» **WHAT YOU ARE ASKED TO DO**: When you reproduce the data, keep every word exactly as it stands and leave the pictures out.

» **EXERCISE INPUTS**:
——————

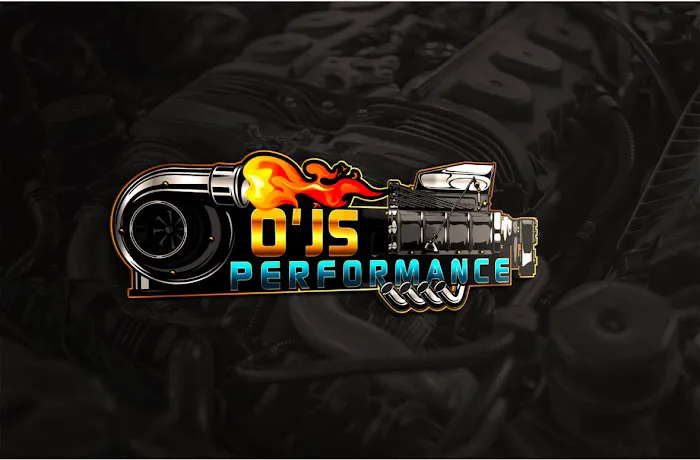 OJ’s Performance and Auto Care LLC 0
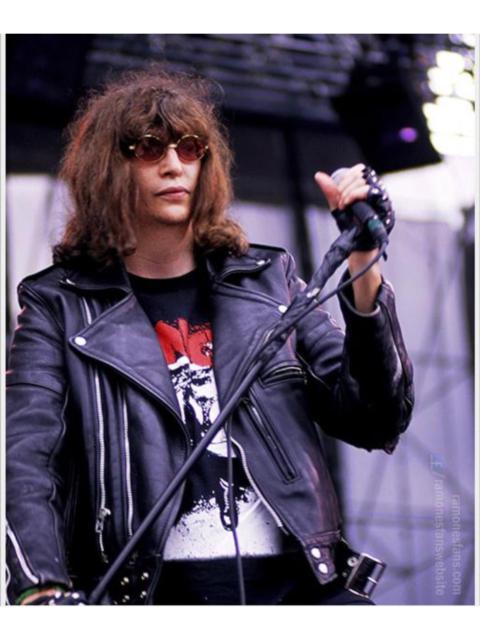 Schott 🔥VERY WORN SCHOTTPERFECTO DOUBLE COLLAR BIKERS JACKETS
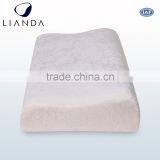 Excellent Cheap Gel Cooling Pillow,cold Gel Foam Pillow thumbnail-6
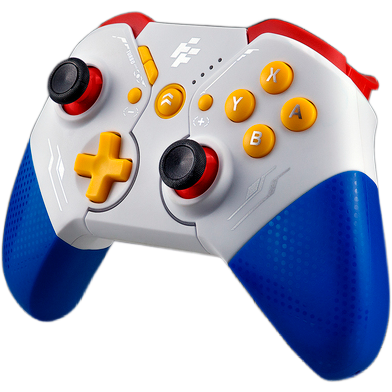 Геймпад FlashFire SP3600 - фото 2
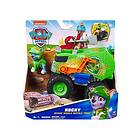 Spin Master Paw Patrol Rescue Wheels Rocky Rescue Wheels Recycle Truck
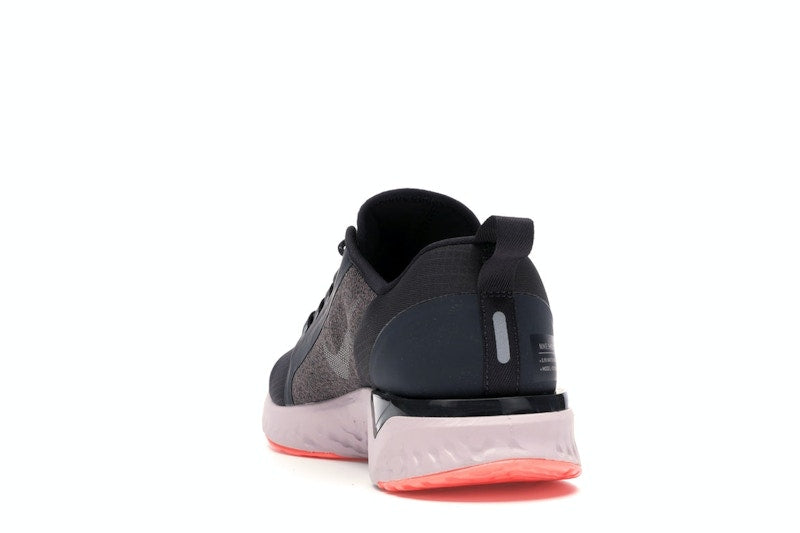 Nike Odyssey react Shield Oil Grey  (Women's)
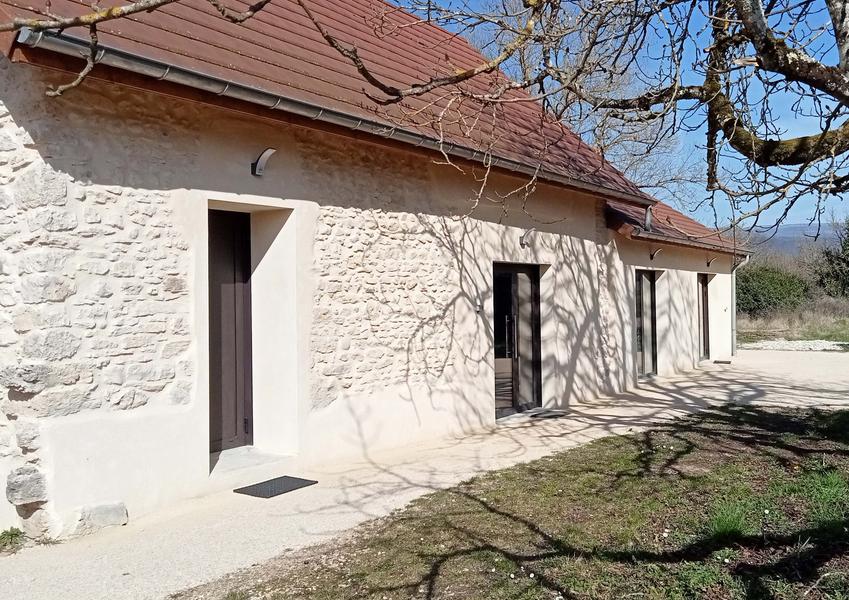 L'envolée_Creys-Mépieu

——————

» **RESULT OF THIS EXERCISE**:
 OJ’s Performance and Auto Care LLC 0
 Schott 🔥VERY WORN SCHOTTPERFECTO DOUBLE COLLAR BIKERS JACKETS
 Excellent Cheap Gel Cooling Pillow,cold Gel Foam Pillow thumbnail-6
 Геймпад FlashFire SP3600 - фото 2
 Spin Master Paw Patrol Rescue Wheels Rocky Rescue Wheels Recycle Truck
 Nike Odyssey react Shield Oil Grey  (Women's)
 L'envolée_Creys-Mépieu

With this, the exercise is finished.